Mario Derksen erinnert auch an die katholische Postion der Päpste und Kirchenlehrer über die Todesstrafe. So zitiert er Papst Pius XII., der am 14. September 1952 eine Rede hielt, in der er lehrte:
Selbst im Falle der Hinrichtung eines Verurteilten verfügt der Staat nicht über dessen Lebensrecht. Es bleibt lediglich der öffentlichen Gewalt vorbehalten, dem Verurteilten zur Sühne seines Verbrechens das Leben zu entziehen, wenn er durch sein Verbrechen bereits sein Lebensrecht verwirkt hat.
(Papst Pius XII., Ansprache De Premier über die moralischen Grenzen der medizinischen Forschung und Behandlung [14. September 1952], Nr. 33 – https://www.papalencyclicals.net/pius12/p12psych.htm)
Tatsächlich hat sich der heilige Thomas von Aquin in einem seiner Hauptwerke genau mit dieser Frage auseinandergesetzt:
Letztlich schließt die Tatsache, dass das Böse, solange sie leben, durch ihre Irrtümer korrigiert werden kann, nicht aus, dass sie gerecht hingerichtet werden dürfen. Denn die Gefahr, die von ihrem Lebenswandel ausgeht, ist größer und sicherer als der Nutzen, der durch ihre Besserung zu erwarten wäre. Auch haben sie im Angesicht des Todes die Möglichkeit, sich durch Reue Gott zuzuwenden. Und wenn sie so verstockt sind, dass ihr Herz selbst im Angesicht des Todes nicht vom Bösen ablässt, kann man mit hoher Wahrscheinlichkeit urteilen, dass sie niemals vom Bösen ablassen und ihre Kräfte rechtmäßig einsetzen werden.

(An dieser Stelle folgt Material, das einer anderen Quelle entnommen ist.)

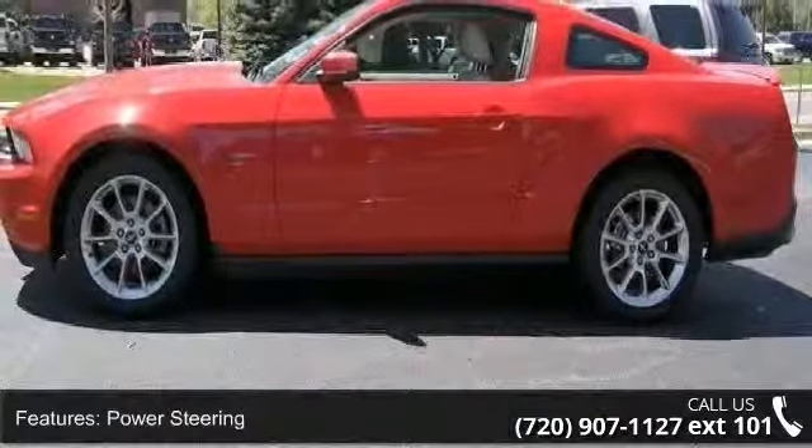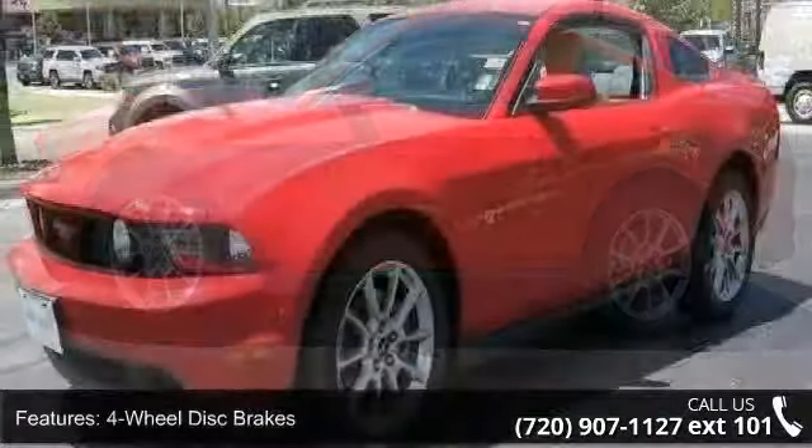A test drive is waiting for you. Call now to schedule an appointment at our dealership.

(Thomas von Aquin, Summa contra Gentiles , Buch III , Kap. 146, Nr. 10)
Interessanterweise zitiert der Augustiner Leo XIV. in seiner Videobotschaft nicht den heiligen Augustinus. Obwohl Prevost diesen Kirchenlehrer sonst häufig zitiert, zeigt er beim moralischen Problem der Todesstrafe kein Interesse daran. Ein Blick auf Augustinus‘ Schriften zu diesem Thema genügt, um den Grund dafür zu verstehen.
Hl. Augustinus: Von den Fällen, in denen wir Menschen töten dürfen, ohne uns des Mordes schuldig zu machen
Es gibt jedoch Ausnahmen von Gottes eigenem Gesetz, wonach niemand getötet werden darf. Diese Ausnahmen sind zweierlei Art: Sie beruhen entweder auf einem allgemeinen Gesetz oder auf einem besonderen, zeitlich befristeten Auftrag an eine bestimmte Person. Im letzteren Fall ist derjenige, dem die Autorität übertragen wurde und der lediglich das Schwert in der Hand dessen ist, der es führt, nicht selbst für den Tod verantwortlich, den er verursacht. Demnach haben diejenigen, die im Gehorsam gegenüber Gottes Gebot oder in Übereinstimmung mit seinen Gesetzen Krieg geführt haben, die öffentliche Gerechtigkeit oder die Weisheit der Regierung verkörpert und in dieser Funktion böse Menschen getötet; solche Personen haben keineswegs das Gebot „Du sollst nicht töten“ (2. Mose 20, 13) verletzt.
Abraham wurde nicht nur der Grausamkeit enthoben, sondern sogar für seine Frömmigkeit gepriesen, weil er bereit war, seinen Sohn im Gehorsam gegenüber Gott und nicht aus eigener Leidenschaft zu töten. Es stellt sich durchaus die Frage, ob Jephthas Tötung seiner Tochter als Befolgung eines göttlichen Gebots anzusehen ist, da sie ihm begegnete, nachdem er geschworen hatte, Gott alles zu opfern, was ihm als erstes auf seiner siegreichen Heimkehr begegnete. Auch Simson, der das Haus über sich und seine Feinde zum Einsturz brachte, wird allein dadurch gerechtfertigt, dass der Geist, der durch ihn Wunder wirkte, ihm im Geheimen die Anweisung dazu gegeben hatte.
Mit Ausnahme dieser beiden Fallgruppen, die entweder durch ein allgemein geltendes, gerechtes Gesetz oder durch eine besondere Eingebung Gottes selbst, der Quelle aller Gerechtigkeit, gerechtfertigt sind, ist jeder, der einen Menschen tötet, sei es sich selbst oder einen anderen, des Mordes schuldig. (Augustinus von Hippo, De civitate Dei, Buch I, Kapitel 21)
Es bleibt abzuwarten, ob Prevost, wie Bergoglio, nicht nur die Todesstrafe, sondern auch lebenslange Haft ablehnt. Konzilspapst Bergoglio bezeichnete lebenslange Haftstrafen als „versteckte Todesstrafe“.